The bill shifts program purposes to support broader watershed restoration and targeted conservation—potentially improving water reliability, quality, and flood/drought resilience—while not providing new dedicated funding and leaving significant cost, permitting, and implementation risks with local communities and agencies.
Rural communities: stronger watershed restoration and expanded program purposes improve long-term water supply reliability and reduce flood and drought impacts at the watershed scale.
Communities and ecosystems: authorizing measures that prevent repetitive impairments supports better water quality and habitat over time, protecting public health and ecosystems.
Local governments and project sponsors: federal cost-share for rehabilitation construction covers the majority of construction costs (generally ~65%, up to 90% in designated limited‑resource areas), lowering the financial barrier to undertake large rehabilitation projects.
Rural communities, farmers, and local governments: the legislation changes authorities and program purposes but provides no dedicated new funding or deadlines, so beneficiaries may not see immediate projects and costs could shift to local governments or other USDA programs.

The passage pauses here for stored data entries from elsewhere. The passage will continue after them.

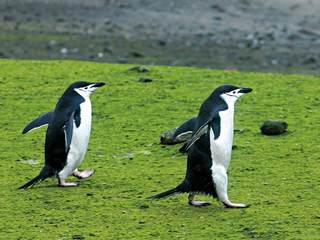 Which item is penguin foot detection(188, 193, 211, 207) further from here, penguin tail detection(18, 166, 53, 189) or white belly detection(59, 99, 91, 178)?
penguin tail detection(18, 166, 53, 189)

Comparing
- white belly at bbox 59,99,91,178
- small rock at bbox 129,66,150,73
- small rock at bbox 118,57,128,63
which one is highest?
white belly at bbox 59,99,91,178

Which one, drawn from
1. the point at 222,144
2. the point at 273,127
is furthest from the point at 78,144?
the point at 273,127

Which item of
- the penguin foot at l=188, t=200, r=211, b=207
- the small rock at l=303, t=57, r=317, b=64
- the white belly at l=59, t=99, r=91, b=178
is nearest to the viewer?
the penguin foot at l=188, t=200, r=211, b=207

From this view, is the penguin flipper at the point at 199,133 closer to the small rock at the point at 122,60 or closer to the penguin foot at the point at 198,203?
the penguin foot at the point at 198,203

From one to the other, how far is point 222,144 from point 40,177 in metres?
1.24

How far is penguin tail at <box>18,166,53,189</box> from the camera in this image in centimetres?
703

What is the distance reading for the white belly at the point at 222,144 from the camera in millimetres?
6621

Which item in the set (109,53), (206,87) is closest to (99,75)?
(206,87)

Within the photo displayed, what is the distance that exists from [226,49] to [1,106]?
6.09 meters

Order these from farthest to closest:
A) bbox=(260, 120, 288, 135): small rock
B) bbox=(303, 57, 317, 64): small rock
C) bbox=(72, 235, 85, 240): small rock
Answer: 1. bbox=(303, 57, 317, 64): small rock
2. bbox=(260, 120, 288, 135): small rock
3. bbox=(72, 235, 85, 240): small rock

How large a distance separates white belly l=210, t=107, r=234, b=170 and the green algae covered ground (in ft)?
0.98

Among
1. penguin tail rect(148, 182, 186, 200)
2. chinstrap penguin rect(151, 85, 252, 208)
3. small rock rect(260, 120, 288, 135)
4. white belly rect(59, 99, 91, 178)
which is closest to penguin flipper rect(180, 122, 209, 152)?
chinstrap penguin rect(151, 85, 252, 208)

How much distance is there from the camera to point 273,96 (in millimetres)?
9977

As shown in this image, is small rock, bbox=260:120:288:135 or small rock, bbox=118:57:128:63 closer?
small rock, bbox=260:120:288:135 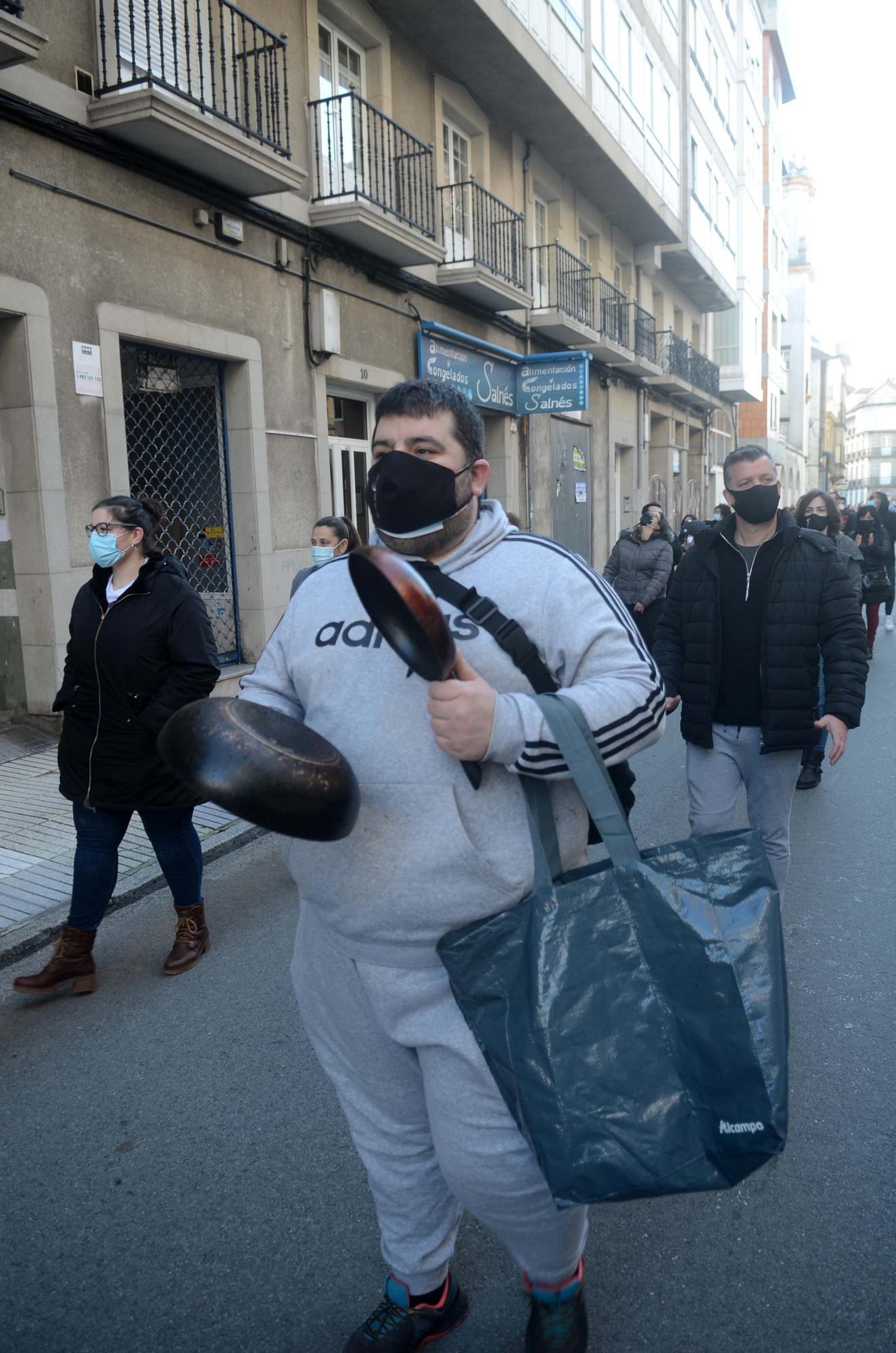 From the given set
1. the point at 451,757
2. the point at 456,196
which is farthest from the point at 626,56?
the point at 451,757

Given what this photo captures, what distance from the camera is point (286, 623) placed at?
198cm

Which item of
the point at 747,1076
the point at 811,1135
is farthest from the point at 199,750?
the point at 811,1135

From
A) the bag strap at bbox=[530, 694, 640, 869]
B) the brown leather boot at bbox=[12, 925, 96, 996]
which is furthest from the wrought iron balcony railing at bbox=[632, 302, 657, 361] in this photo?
the bag strap at bbox=[530, 694, 640, 869]

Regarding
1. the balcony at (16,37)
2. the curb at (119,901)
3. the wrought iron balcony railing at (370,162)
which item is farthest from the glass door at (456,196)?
the curb at (119,901)

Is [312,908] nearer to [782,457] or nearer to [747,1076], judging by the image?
[747,1076]

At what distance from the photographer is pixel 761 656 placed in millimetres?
3846

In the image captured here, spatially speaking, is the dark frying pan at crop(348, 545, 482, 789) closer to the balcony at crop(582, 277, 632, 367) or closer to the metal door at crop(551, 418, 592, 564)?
the metal door at crop(551, 418, 592, 564)

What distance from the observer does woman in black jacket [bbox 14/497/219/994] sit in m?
3.83

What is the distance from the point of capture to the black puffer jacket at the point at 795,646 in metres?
3.75

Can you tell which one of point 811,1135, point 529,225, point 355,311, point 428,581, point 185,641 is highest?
point 529,225

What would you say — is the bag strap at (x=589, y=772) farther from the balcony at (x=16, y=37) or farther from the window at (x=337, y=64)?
the window at (x=337, y=64)

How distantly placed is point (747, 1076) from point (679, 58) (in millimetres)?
27524

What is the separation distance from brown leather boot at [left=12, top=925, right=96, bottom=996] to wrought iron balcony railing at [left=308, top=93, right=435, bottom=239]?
8.62 meters

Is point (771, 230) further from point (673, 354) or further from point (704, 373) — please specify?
point (673, 354) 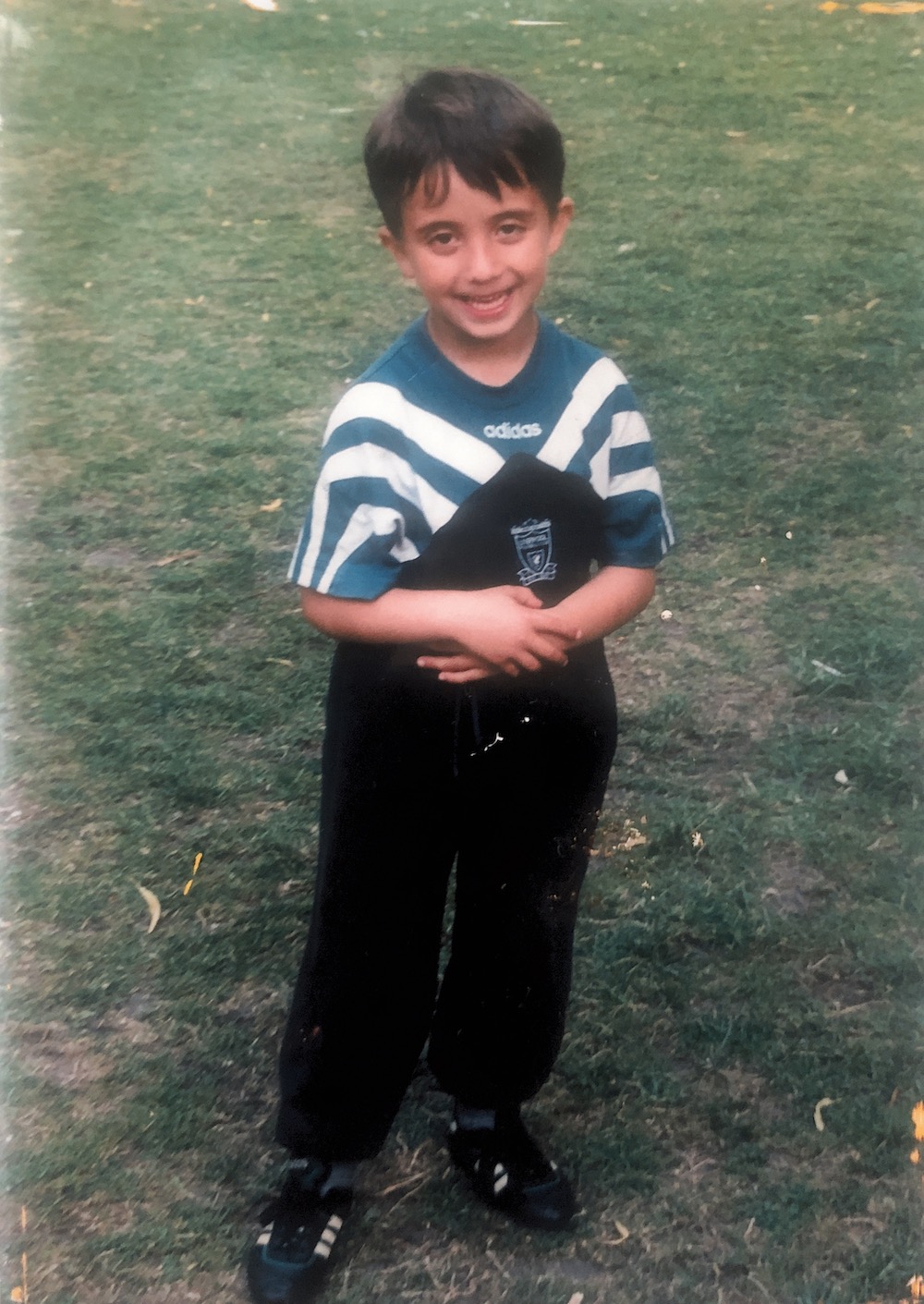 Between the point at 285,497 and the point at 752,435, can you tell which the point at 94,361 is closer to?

Local governments and small communities: the federal cost‑share cap (generally 65%) plus requirements that sponsors pay for water/mineral rights and all permitting can leave communities liable for substantial remaining costs, limiting the ability of smaller or poorer areas to undertake projects.
Local organizations and applicants: new or shifted administrative and permitting responsibilities (including covering permit costs) increase administrative burdens and could delay or deter projects, especially for groups with limited staffing or capacity.

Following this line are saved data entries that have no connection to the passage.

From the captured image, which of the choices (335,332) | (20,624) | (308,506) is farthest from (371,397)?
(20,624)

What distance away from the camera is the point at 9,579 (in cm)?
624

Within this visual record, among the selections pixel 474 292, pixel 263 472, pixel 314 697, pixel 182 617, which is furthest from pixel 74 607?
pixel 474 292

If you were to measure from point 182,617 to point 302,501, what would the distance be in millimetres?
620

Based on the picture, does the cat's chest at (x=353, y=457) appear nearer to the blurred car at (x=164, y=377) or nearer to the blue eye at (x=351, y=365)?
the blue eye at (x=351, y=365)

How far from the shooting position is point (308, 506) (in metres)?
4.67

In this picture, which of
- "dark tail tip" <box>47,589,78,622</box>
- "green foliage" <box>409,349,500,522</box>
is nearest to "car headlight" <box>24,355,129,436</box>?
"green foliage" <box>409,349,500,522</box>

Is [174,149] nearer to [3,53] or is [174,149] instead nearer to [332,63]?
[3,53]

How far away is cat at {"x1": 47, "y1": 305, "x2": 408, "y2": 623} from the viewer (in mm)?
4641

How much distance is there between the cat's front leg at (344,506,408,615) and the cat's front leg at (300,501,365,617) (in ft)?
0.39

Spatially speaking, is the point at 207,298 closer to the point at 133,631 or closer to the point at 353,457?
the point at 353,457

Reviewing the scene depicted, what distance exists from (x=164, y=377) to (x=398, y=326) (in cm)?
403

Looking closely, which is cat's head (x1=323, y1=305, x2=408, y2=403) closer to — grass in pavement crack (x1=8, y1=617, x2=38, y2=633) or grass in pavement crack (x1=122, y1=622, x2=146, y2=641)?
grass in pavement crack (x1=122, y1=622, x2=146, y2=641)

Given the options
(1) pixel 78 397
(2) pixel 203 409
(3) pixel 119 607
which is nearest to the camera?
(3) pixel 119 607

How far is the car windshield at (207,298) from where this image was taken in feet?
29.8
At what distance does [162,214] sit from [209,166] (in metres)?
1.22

Based on analysis of 4 sections of legislative text.
Introduced November 6, 2025 by John Peter Ricketts · Last progress November 6, 2025
Authorizes USDA to go beyond minimum repairs and carry out higher-level watershed restoration when it benefits long-term watershed health and prevents repeat failures. Sets federal cost‑share rules for rehabilitation of structural watershed projects—generally up to 65% of construction costs, with the Secretary able to raise the federal share to as much as 90% for projects serving designated limited resource areas—and makes local project sponsors explicitly responsible for certain resource rights and permitting costs. It also refocuses the Regional Conservation Partnership Program (RCPP) purposes to emphasize soil and water conservation, drinking water and groundwater protection, flood and drought prevention and resilience, and conservation of wildlife and agricultural land. The bill makes these program and eligibility changes but does not provide new funding, deadlines, or broad new administrative authorities.